# Banana- Choco- Muffins



## cara (Jul 9, 2006)

one of my favorites  

2 ripe bananas
290g flour
2 t baking powder
1/2 t baking soda
1/2 cup chocolate chips
1 pckg Chocolate Pudding Powder (for 500ml)
2 eggs
60ml oil
125g sugar
100ml milk

crush the bananas.
mix flour, baking powder and soda, chocolate chips und pudding powder in bowl.
in a second bowl beat until creamy eggs, oil, sugar, milk and bananas.
melt in the flour mix.
fill the pan and bake in the preheated oven (190°C/370°F) for about 20-25min


----------



## Shaheen (Jul 9, 2006)

Can I put cocoa powder instead of pudding powder? What's the difference?


----------



## cara (Jul 9, 2006)

hmm.. I think you need the pudding with its gelating effect - or whatever that's called...


----------



## SierraCook (Jul 9, 2006)

Shaheen said:
			
		

> Can I put cocoa powder instead of pudding powder? What's the difference?


 
Shaheen, I make a chocolate chip cookie recipe that uses pudding and what the pudding does is makes the cookies moist and chewy.  So, I bet the pudding does the same for muffins keeps them moist.   
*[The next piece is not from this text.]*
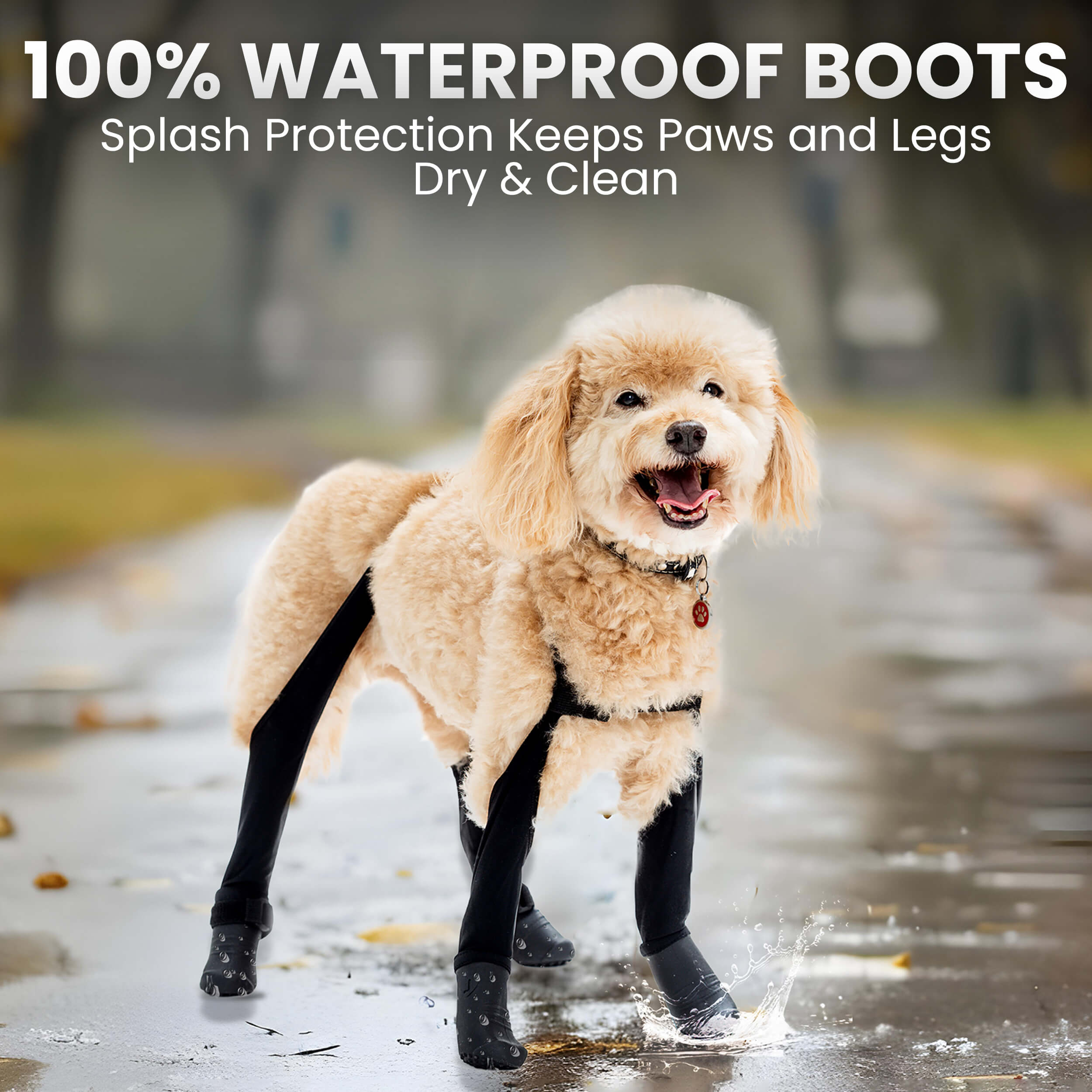 Dog wearing waterproof boots splashing in a puddle.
Cara, this recipe sounds wonderful. I will definitely add it to my list of things to bake. Thanks for sharing.


----------



## Debbie (Jul 9, 2006)

290 grams of flour is how many cups?

60 ml oil is how many ounces?






			
				cara said:
			
		

> one of my favorites
> 
> 2 ripe bananas
> 290g flour
> ...


----------



## SierraCook (Jul 10, 2006)

290 grams flour = 9.99 dryweight ounces
60 ml oil = 2 fluid ounces
125 grams sugar = 4 dryweight ounces
100 ml milk = 3 1/3 fluid ounces

More info. can be found here. All these estimates are approximate. You may have to make the recipe and then tweak it some.


----------



## cara (Jul 11, 2006)

thanks for the link, sierra!


----------



## SierraCook (Jul 12, 2006)

Cara, you are very welcome!!


----------